Pelatihan juga mencakup pemahaman tentang Hak Kekayaan Intelektual (HAKI). Yeni yang telah menciptakan produk unik dari limbah tali sepatu menyadari pentingnya melindungi hasil karyanya dari segi hukum. Dengan pengetahuan ini, Yeni berencana untuk mendaftarkan produknya agar dilindungi oleh HAKI, memastikan bahwa desain dan teknik yang ia kembangkan tidak bisa diambil alih oleh pihak lain.

Melalui bekal manajemen usaha yang ia dapat, Yeni berani mengusung konsep slow fashion. Slow fashion adalah sebuah gerakan yang mendorong produksi dan konsumsi pakaian secara lebih bijaksana, dengan memperhatikan aspek keberlanjutan dan etika.

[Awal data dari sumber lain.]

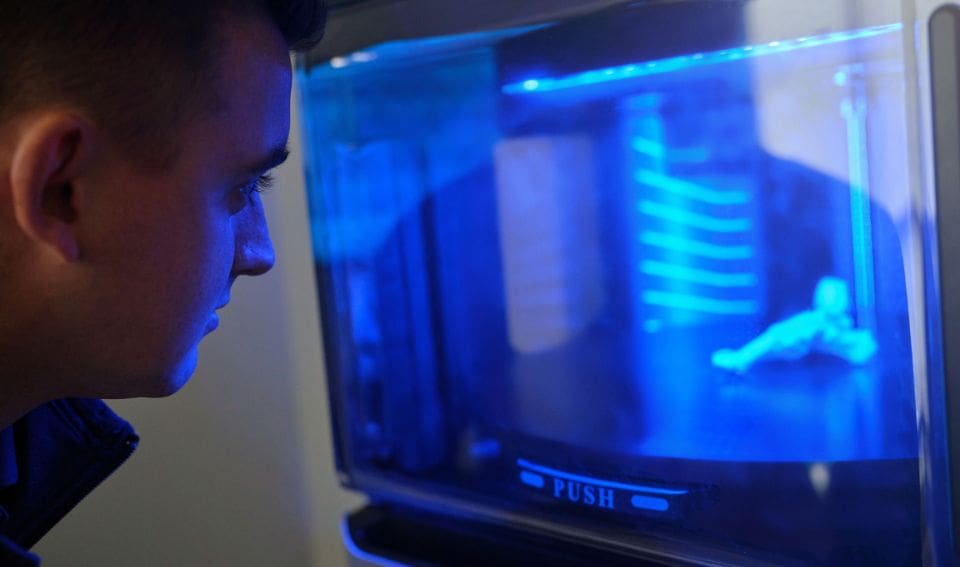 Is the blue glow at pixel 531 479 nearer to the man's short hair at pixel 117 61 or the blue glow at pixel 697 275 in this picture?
the blue glow at pixel 697 275

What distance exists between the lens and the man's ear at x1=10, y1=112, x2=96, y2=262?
50cm

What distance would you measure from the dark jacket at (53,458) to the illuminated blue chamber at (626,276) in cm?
20

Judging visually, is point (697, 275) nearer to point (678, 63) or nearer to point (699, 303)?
point (699, 303)

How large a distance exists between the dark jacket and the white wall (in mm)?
231

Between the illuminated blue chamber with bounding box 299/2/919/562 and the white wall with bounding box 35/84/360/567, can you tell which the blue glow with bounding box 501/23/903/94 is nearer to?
the illuminated blue chamber with bounding box 299/2/919/562

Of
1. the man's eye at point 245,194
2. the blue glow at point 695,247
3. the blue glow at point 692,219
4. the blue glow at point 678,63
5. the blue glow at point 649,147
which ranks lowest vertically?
the blue glow at point 695,247

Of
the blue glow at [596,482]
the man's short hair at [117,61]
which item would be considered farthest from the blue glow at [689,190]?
the man's short hair at [117,61]

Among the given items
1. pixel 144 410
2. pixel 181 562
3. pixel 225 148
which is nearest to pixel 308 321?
pixel 144 410

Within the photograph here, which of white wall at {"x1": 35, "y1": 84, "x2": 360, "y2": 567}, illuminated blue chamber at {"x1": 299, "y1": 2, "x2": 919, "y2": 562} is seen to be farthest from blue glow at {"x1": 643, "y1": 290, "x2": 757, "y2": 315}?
white wall at {"x1": 35, "y1": 84, "x2": 360, "y2": 567}

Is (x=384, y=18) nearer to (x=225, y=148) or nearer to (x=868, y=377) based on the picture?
(x=225, y=148)

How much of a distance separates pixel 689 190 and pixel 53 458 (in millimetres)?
551

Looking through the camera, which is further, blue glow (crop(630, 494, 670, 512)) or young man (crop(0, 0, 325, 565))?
blue glow (crop(630, 494, 670, 512))

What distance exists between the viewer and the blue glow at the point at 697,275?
0.66 metres

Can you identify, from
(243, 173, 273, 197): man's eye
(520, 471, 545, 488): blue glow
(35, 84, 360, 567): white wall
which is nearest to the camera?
(243, 173, 273, 197): man's eye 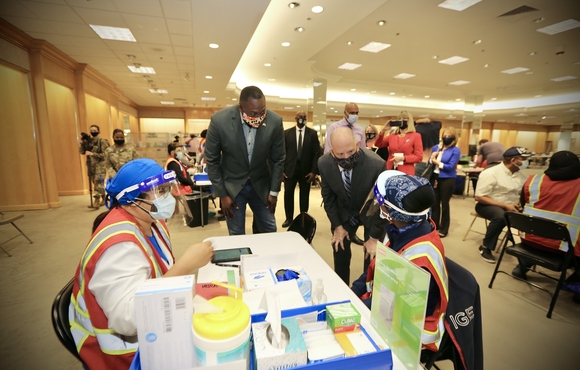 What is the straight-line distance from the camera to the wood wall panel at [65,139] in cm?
682

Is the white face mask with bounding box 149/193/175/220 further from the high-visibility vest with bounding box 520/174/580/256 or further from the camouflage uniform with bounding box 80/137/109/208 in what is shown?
the camouflage uniform with bounding box 80/137/109/208

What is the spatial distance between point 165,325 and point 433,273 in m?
0.89

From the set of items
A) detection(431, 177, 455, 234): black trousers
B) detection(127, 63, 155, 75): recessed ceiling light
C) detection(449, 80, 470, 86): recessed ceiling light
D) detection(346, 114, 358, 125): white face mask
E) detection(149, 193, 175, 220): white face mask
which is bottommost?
detection(431, 177, 455, 234): black trousers

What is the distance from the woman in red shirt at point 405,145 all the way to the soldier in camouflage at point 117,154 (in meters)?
5.17

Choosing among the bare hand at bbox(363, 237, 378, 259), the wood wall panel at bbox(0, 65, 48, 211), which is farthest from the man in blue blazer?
the wood wall panel at bbox(0, 65, 48, 211)

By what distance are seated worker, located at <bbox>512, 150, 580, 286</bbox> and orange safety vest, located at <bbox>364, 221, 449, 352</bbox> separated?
2131mm

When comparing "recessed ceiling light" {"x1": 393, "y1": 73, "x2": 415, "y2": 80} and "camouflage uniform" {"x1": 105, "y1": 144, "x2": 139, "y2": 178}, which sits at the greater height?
"recessed ceiling light" {"x1": 393, "y1": 73, "x2": 415, "y2": 80}

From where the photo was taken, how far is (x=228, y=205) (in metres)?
2.18

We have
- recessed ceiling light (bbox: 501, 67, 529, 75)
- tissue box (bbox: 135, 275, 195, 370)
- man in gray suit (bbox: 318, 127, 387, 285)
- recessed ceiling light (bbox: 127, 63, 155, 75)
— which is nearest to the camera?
tissue box (bbox: 135, 275, 195, 370)

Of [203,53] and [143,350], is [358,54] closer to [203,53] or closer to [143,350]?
[203,53]

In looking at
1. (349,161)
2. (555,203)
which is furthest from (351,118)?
(555,203)

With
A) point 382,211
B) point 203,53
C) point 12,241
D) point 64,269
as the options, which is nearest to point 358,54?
point 203,53

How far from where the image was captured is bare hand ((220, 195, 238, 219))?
216 cm

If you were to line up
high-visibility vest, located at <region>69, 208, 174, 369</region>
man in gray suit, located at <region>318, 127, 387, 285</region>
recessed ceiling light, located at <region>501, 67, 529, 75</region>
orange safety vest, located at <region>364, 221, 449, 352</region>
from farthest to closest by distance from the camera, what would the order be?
1. recessed ceiling light, located at <region>501, 67, 529, 75</region>
2. man in gray suit, located at <region>318, 127, 387, 285</region>
3. orange safety vest, located at <region>364, 221, 449, 352</region>
4. high-visibility vest, located at <region>69, 208, 174, 369</region> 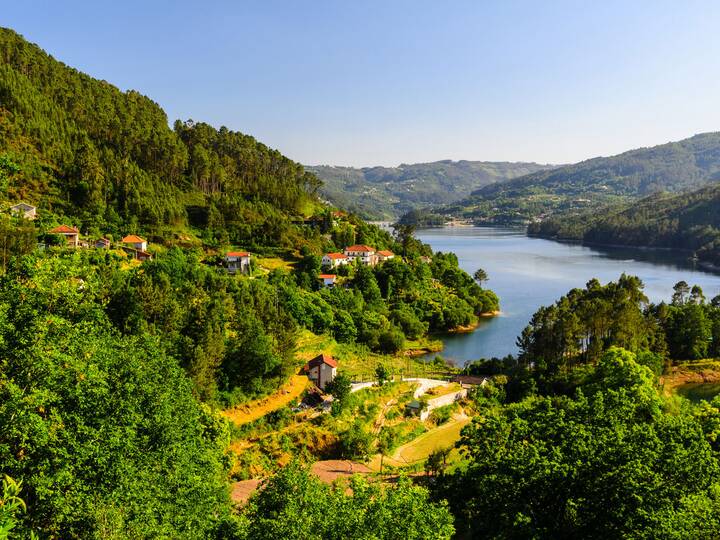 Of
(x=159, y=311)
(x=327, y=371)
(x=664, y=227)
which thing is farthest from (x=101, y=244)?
(x=664, y=227)

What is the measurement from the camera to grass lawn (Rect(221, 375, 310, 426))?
26.3 meters

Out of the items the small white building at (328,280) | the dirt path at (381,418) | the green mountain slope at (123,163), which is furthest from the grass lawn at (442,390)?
the green mountain slope at (123,163)

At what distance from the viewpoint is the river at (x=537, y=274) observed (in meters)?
54.5

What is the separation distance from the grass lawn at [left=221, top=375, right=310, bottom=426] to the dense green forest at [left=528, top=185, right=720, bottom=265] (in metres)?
108

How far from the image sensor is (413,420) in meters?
29.3

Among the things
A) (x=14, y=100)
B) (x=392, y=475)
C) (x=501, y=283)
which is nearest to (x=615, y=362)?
(x=392, y=475)

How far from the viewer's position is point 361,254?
6488cm

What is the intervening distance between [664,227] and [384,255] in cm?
10388

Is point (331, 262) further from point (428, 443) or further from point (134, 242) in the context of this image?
point (428, 443)

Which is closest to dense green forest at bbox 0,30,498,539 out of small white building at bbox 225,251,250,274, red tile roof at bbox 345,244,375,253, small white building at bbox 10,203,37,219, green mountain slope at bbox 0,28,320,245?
green mountain slope at bbox 0,28,320,245

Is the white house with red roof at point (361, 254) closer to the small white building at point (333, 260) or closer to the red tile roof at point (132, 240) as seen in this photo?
the small white building at point (333, 260)

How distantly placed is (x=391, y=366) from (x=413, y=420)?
1221 centimetres

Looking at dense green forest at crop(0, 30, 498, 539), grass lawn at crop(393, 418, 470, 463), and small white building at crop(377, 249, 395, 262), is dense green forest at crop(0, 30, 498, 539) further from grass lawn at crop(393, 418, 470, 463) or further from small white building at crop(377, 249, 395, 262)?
grass lawn at crop(393, 418, 470, 463)

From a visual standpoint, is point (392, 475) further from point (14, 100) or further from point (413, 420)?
point (14, 100) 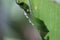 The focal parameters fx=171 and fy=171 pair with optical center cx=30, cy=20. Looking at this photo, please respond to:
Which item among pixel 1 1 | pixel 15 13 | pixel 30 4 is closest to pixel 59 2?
pixel 30 4

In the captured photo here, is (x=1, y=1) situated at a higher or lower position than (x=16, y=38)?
higher

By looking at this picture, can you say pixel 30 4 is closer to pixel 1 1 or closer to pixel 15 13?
pixel 15 13

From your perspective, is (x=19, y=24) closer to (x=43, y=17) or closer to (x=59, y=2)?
(x=43, y=17)

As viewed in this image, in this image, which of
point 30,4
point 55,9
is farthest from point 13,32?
point 55,9

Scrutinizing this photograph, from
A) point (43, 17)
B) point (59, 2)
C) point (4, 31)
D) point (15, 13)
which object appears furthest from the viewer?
point (4, 31)

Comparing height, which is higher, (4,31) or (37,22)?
(4,31)

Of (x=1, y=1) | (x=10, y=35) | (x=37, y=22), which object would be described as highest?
(x=1, y=1)

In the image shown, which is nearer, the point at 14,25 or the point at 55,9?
the point at 55,9

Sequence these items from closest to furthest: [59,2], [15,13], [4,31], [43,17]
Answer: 1. [59,2]
2. [43,17]
3. [15,13]
4. [4,31]

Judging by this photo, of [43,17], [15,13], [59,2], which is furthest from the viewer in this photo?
[15,13] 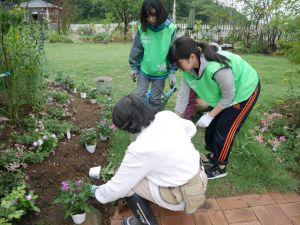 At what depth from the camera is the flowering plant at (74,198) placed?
7.79 ft

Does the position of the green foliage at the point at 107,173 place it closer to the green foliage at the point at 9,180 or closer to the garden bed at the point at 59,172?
the garden bed at the point at 59,172

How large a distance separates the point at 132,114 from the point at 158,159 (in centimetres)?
32

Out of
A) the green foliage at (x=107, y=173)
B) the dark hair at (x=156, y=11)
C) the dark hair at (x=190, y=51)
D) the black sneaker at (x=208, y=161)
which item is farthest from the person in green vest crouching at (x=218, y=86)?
the green foliage at (x=107, y=173)

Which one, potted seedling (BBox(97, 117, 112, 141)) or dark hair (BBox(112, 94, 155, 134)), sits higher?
dark hair (BBox(112, 94, 155, 134))

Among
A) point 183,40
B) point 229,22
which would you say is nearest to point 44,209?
point 183,40

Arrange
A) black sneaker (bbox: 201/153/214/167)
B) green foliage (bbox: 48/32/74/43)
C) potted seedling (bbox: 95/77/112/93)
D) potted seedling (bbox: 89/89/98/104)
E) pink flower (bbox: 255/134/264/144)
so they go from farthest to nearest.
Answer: green foliage (bbox: 48/32/74/43)
potted seedling (bbox: 95/77/112/93)
potted seedling (bbox: 89/89/98/104)
pink flower (bbox: 255/134/264/144)
black sneaker (bbox: 201/153/214/167)

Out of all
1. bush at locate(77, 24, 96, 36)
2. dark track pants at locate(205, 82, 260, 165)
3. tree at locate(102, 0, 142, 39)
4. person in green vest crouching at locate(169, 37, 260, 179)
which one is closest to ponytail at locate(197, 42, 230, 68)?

Berbeda dengan fast fashion yang menghasilkan pakaian secara massal dengan biaya rendah dan seringkali mengorbankan kualitas serta etika kerja, slow fashion fokus pada kualitas, daya tahan, dan keunikan setiap produk dengan mengutamakan sentuhan tangan.


Slow Fashion memiliki prinsip dasar yang menjadi pilar utama. Pertama, fesyen ini mengutamakan kualitas. Produk fesyen dibuat dengan bahan-bahan yang tahan lama, sehingga konsumen bisa menggunakannya dalam jangka waktu yang lebih lama.

Kedua, adalah produksi terbatas, sehingga pakaian diproduksi dalam jumlah yang lebih sedikit, dengan fokus pada desain timeless dan tidak cepat usang oleh tren.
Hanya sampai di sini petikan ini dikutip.